Lawyers bickering with lawyers! Judicial candidates potentially disqualified! Calls for the Supreme Court to step in!

The beat goes on in the kerfuffle over suspended law licenses, as Blue Hog Report lists of a whopping 59 currently sitting district, circuit, and Court of Appeals judges who have had their licence suspended for failure to pay bar dues within the timeframe that would arguably have disqualified from running in the first place (or running for re-election). 

Some of those judges may end up facing a lawsuit in the wake of the recent ruling by Judge John Cole disqualifying attorney Valerie Bailey from running for a 6th Judicial District because Bailey's license had been suspended for failing to complete a required annual legal education course. The constitution requires judicial candidates to have been licensed attorneys in the state for six years prior to taking office (or eight years for the Supreme Court). That Bailey's suspension was because of administrative nature rather than for misconduct was irrelevant, Cole found. "A suspension is a suspension is a suspension," he said from the bench. 
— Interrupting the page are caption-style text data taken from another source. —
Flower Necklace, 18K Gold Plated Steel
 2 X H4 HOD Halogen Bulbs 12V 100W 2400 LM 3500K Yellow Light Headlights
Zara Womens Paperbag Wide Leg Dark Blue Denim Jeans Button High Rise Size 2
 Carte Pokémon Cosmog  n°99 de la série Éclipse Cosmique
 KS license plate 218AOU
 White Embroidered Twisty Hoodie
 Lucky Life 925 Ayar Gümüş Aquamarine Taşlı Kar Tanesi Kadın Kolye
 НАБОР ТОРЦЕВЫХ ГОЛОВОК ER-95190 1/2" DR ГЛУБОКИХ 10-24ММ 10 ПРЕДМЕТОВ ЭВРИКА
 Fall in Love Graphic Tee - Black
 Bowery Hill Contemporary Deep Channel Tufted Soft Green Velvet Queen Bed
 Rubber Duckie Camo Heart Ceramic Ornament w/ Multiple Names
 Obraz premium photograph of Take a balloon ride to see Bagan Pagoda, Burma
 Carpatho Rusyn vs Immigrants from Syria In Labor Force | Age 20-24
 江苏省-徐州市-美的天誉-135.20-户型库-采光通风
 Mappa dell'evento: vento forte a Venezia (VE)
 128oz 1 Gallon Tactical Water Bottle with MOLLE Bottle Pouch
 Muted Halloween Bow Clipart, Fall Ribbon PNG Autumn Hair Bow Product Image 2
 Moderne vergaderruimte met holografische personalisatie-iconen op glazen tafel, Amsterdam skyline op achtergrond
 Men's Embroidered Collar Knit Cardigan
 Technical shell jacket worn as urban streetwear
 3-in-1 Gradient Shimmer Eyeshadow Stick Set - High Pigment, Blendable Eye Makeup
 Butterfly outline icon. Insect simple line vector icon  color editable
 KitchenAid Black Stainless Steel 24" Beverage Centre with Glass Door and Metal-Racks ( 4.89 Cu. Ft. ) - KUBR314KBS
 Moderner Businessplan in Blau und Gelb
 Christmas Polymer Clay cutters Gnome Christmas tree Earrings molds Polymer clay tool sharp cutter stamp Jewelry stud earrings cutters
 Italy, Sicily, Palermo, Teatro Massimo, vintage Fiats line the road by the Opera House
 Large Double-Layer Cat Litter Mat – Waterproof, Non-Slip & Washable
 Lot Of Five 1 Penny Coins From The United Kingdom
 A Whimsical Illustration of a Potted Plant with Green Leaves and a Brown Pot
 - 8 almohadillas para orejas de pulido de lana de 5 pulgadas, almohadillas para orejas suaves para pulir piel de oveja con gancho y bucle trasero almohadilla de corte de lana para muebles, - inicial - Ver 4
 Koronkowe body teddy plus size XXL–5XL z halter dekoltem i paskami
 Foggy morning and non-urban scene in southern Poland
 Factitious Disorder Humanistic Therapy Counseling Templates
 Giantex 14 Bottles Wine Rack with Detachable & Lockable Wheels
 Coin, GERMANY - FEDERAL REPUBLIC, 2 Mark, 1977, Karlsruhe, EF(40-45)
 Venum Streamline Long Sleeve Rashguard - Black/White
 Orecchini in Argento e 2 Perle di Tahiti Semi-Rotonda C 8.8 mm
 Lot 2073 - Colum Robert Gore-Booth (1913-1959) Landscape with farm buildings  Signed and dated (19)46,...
Cole's ruling inspired copycat lawsuits against other candidates who had administrative suspensions for failure to pay bar dues, including suits against the incumbent Bailey sought to challenge, Circuit Judge Tim Fox, as well as against Judge H.G. Foster and attorney Angela Byrd. A suit against Appeals Court Judge Rhonda Wood, now running for the Arkansas Supreme Court could be next

As we noted last week, the Supreme Court is probably going to need to step in and rule on precisely what counts as being licensed for X number of years and what doesn't. Both Foster and Attorney General Dustin McDaniel have called for just that. 

Given all these sitting judges with past suspensions, one question lingering in this can of worms is whether judges have been practicing with a suspended license. Could that potentially open up avenues for appeal in criminal or other cases? Any attorneys, feel free to give your thoughts in the comments.

While I'm an absent-minded type and feel a little sympathy for these folks that were a day late or a dollar short several years ago, my free advice to anyone considering running for a judicial seat: pay your bar dues on time!